3

But, it will perhaps be said, though the annihilation of every world and every thing be impossible, it is not so certain that their death is impossible; and, to us, what is the difference between nothingness and everlasting death? Here again we are led astray by our imagination and by words. We can no more conceive death than we can conceive nothingness. We use the word death to cover those fragments of nothingness which we believe that we understand; but, on closer examination, we are bound to recognize that our idea of death is much too puerile to contain the least truth. It reaches no higher than our own bodies and cannot measure the destinies of the universe. We give the name of death to anything that has a life a little different from ours. Even so do we act towards a world that appears to us motionless and frozen, the moon, for instance, because we are persuaded that any form of existence, animal or vegetable, is extinguished upon it for ever. But it is now some years since we learned that the most inert matter, to outward seeming, is animated by movements so powerful and furious that all animal or vegetable life is no more than sleep and immobility by the side of the swirling eddies and immeasurable energy locked up in a wayside stone.

“There is no room for death!” cried Emily Brontë.

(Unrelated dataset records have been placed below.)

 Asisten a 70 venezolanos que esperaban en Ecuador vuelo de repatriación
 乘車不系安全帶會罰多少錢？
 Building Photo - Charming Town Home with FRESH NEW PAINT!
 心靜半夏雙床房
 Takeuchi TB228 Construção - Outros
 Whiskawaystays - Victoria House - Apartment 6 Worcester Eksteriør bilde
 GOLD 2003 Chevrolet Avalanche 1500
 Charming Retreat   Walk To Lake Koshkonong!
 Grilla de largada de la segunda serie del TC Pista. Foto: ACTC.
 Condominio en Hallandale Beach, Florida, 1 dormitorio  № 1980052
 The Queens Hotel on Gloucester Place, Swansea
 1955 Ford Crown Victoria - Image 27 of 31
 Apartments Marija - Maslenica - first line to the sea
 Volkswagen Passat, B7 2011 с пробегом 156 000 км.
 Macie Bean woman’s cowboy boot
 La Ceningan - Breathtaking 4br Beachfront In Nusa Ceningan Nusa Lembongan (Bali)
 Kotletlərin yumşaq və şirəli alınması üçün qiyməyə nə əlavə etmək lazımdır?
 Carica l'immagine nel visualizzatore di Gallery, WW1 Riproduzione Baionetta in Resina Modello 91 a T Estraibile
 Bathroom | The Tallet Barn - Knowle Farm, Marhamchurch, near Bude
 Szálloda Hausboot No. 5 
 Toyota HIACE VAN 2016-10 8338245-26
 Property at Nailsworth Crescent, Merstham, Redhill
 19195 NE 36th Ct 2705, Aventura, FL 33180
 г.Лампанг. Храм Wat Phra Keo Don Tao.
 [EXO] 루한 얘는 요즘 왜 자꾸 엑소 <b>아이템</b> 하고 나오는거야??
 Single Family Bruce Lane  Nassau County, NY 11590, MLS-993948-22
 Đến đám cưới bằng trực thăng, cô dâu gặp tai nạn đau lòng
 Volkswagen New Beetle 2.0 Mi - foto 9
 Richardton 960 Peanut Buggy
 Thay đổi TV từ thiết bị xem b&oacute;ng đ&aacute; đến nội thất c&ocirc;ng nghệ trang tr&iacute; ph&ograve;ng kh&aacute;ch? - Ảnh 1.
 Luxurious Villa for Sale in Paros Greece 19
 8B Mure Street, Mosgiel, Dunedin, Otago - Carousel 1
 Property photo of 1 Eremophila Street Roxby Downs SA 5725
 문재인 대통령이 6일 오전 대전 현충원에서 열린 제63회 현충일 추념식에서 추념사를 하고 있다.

But, even if, in the infinite series of the centuries, all matter should really become inert and motionless, it would none the less persist under one form or another; and persistence, though it were in total immobility, would, after all, be but a form of life stable and silent at last. All that dies falls into life; and all that is born is of the same age as that which dies. If death carried us to nothingness, did birth then draw us out of that same nothingness? Why should the second be more impossible than the first? The higher human thought rises and the wider it expands, the less comprehensible do nothingness and death become. In any case—and this is what matters here—if nothingness were possible, since it could not be anything whatever, it could not be dreadful.